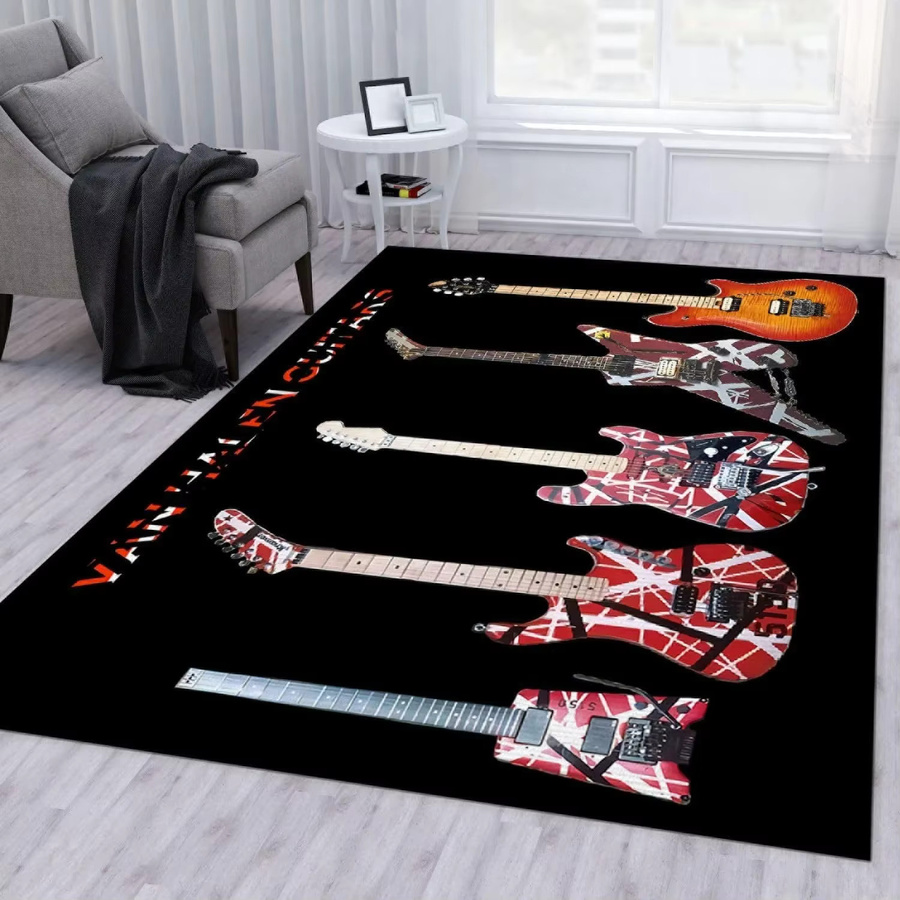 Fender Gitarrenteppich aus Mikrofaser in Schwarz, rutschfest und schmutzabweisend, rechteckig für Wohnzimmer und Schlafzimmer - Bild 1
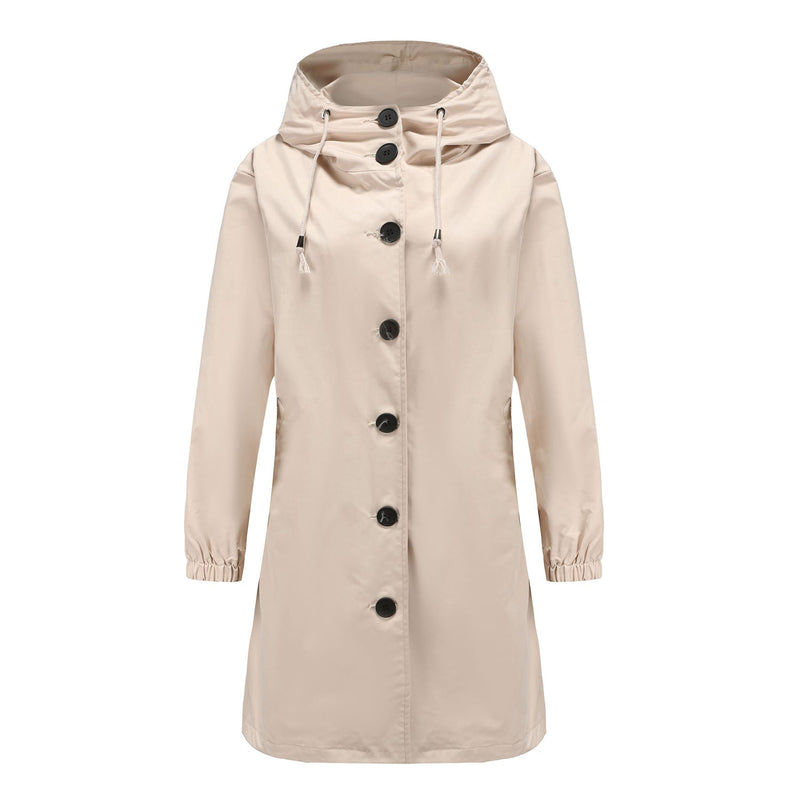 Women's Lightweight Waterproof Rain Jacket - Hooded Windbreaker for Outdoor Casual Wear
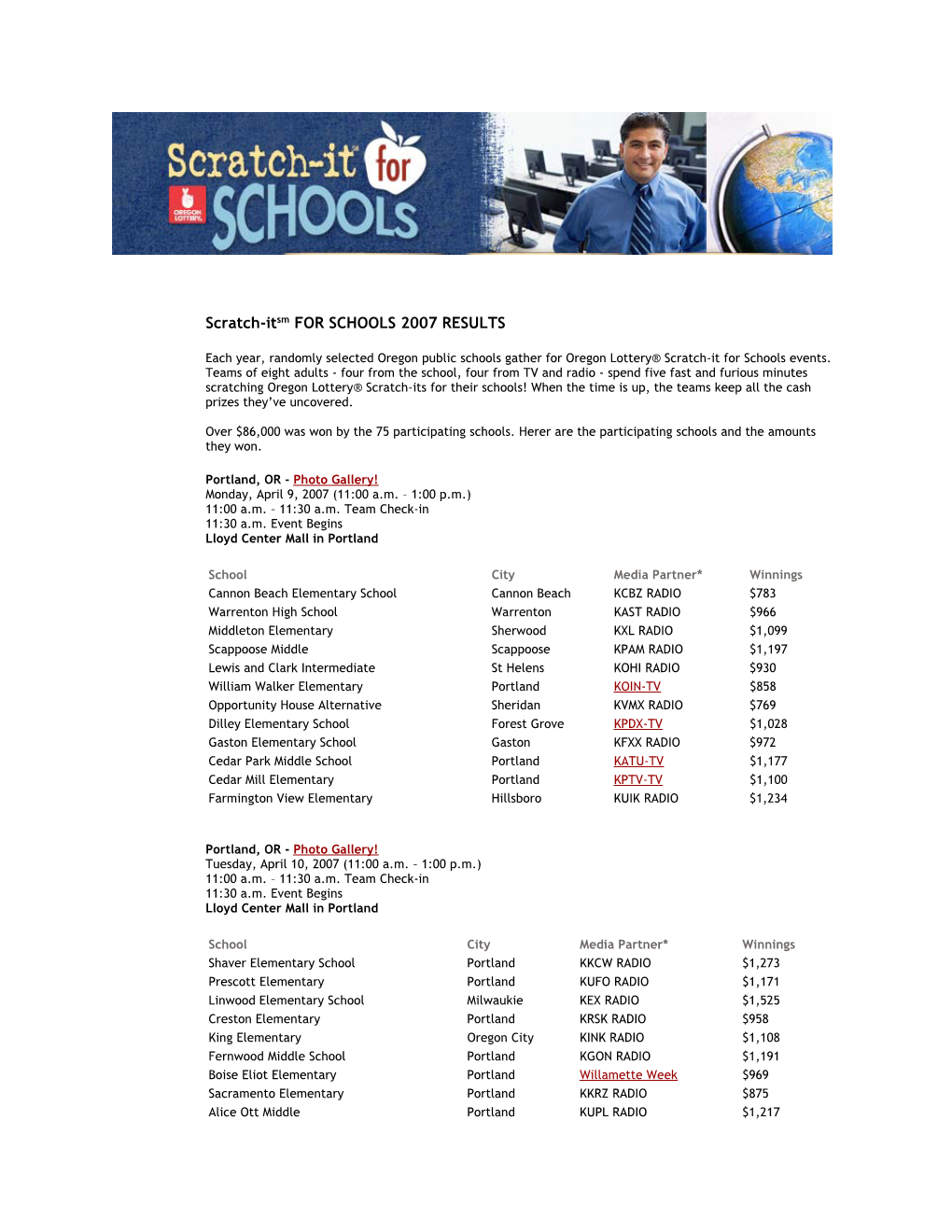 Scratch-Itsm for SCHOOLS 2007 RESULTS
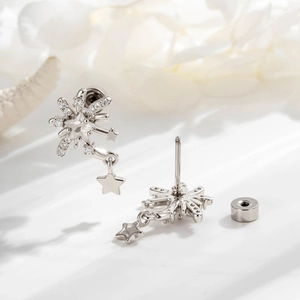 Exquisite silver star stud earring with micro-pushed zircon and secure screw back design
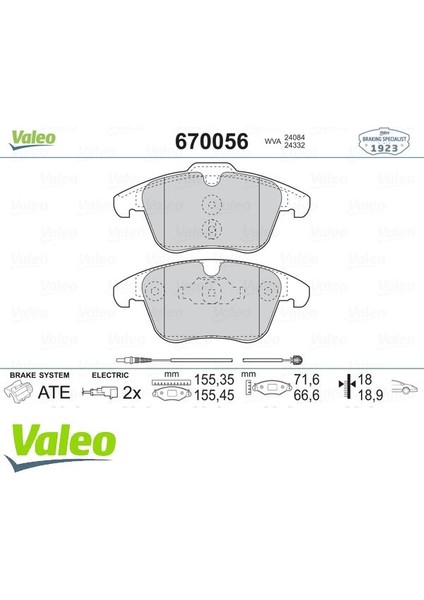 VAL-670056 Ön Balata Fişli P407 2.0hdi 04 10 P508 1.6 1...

------------------------------------------------------------------------

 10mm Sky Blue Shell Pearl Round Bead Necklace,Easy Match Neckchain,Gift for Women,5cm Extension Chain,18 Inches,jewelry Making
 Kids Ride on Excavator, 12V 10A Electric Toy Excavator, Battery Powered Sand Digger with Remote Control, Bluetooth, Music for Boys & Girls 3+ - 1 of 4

------------------------------------------------------------------------

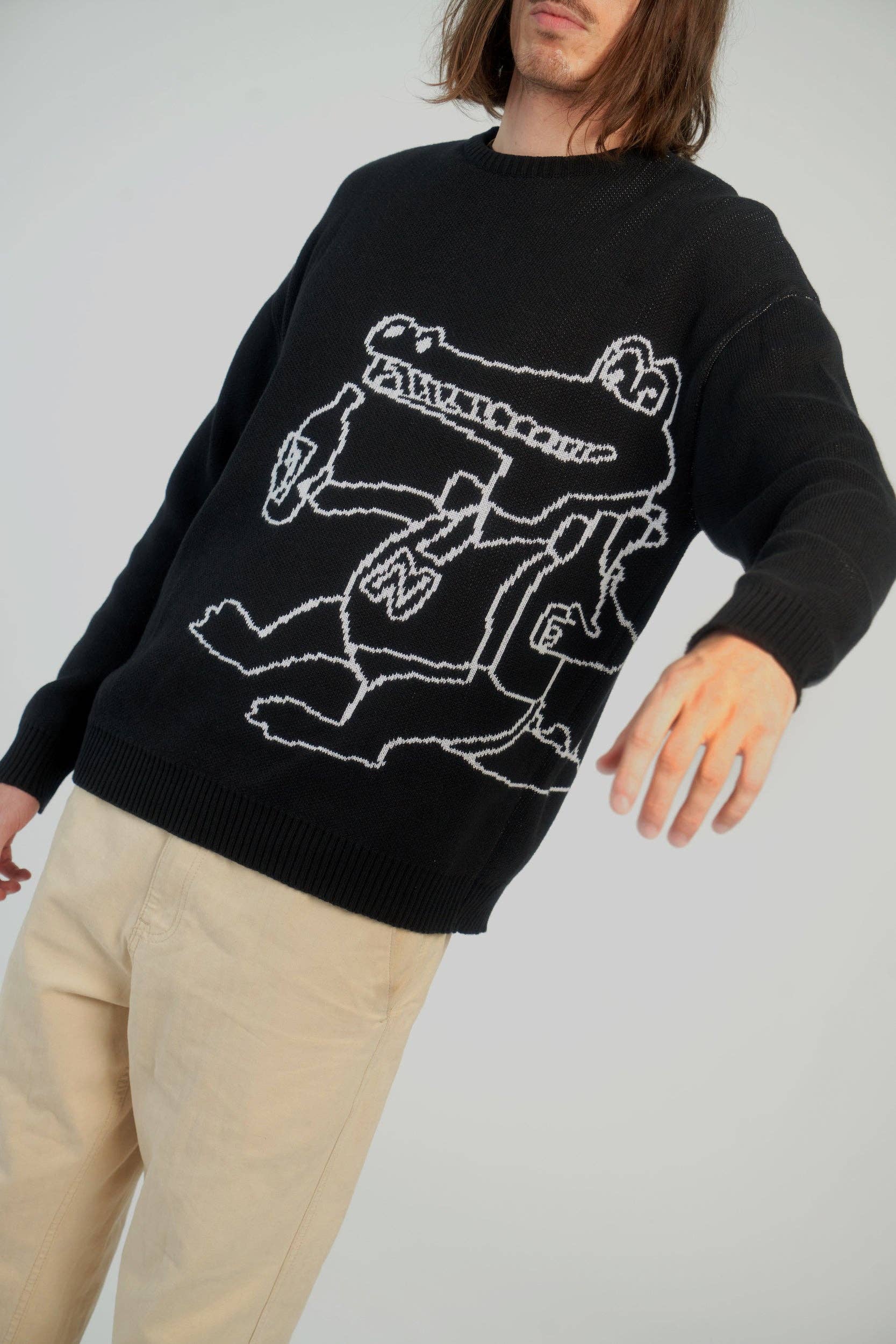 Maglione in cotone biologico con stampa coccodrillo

------------------------------------------------------------------------

■ EXERCISE BRIEF ■
All that should be printed is the run of lines above from the one with "Scratch-Itsm for SCHOOLS 2007 RESULTS" through the one with "VAL-670056 Ön Balata", both included, exactly as given, with pictures left out.

■ WRITTEN SOLUTION ■
 Scratch-Itsm for SCHOOLS 2007 RESULTS
 Exquisite silver star stud earring with micro-pushed zircon and secure screw back design
 VAL-670056 Ön Balata Fişli P407 2.0hdi 04 10 P508 1.6 1...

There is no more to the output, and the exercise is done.